* Your assignment *
Give back every record below, character for character.

(Brief descriptive captions)
BEGIN

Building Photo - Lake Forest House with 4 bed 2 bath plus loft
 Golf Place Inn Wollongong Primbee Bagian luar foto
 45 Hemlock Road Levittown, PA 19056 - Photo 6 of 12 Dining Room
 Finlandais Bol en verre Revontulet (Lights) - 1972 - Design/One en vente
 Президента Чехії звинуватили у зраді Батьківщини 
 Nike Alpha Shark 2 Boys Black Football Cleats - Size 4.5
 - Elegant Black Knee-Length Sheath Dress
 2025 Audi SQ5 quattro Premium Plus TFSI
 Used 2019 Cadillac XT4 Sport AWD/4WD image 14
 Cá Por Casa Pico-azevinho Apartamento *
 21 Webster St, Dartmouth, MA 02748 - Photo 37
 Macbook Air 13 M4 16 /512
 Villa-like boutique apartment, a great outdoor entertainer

END

* The completed task *
Building Photo - Lake Forest House with 4 bed 2 bath plus loft
 Golf Place Inn Wollongong Primbee Bagian luar foto
 45 Hemlock Road Levittown, PA 19056 - Photo 6 of 12 Dining Room
 Finlandais Bol en verre Revontulet (Lights) - 1972 - Design/One en vente
 Президента Чехії звинуватили у зраді Батьківщини 
 Nike Alpha Shark 2 Boys Black Football Cleats - Size 4.5
 - Elegant Black Knee-Length Sheath Dress
 2025 Audi SQ5 quattro Premium Plus TFSI
 Used 2019 Cadillac XT4 Sport AWD/4WD image 14
 Cá Por Casa Pico-azevinho Apartamento *
 21 Webster St, Dartmouth, MA 02748 - Photo 37
 Macbook Air 13 M4 16 /512
 Villa-like boutique apartment, a great outdoor entertainer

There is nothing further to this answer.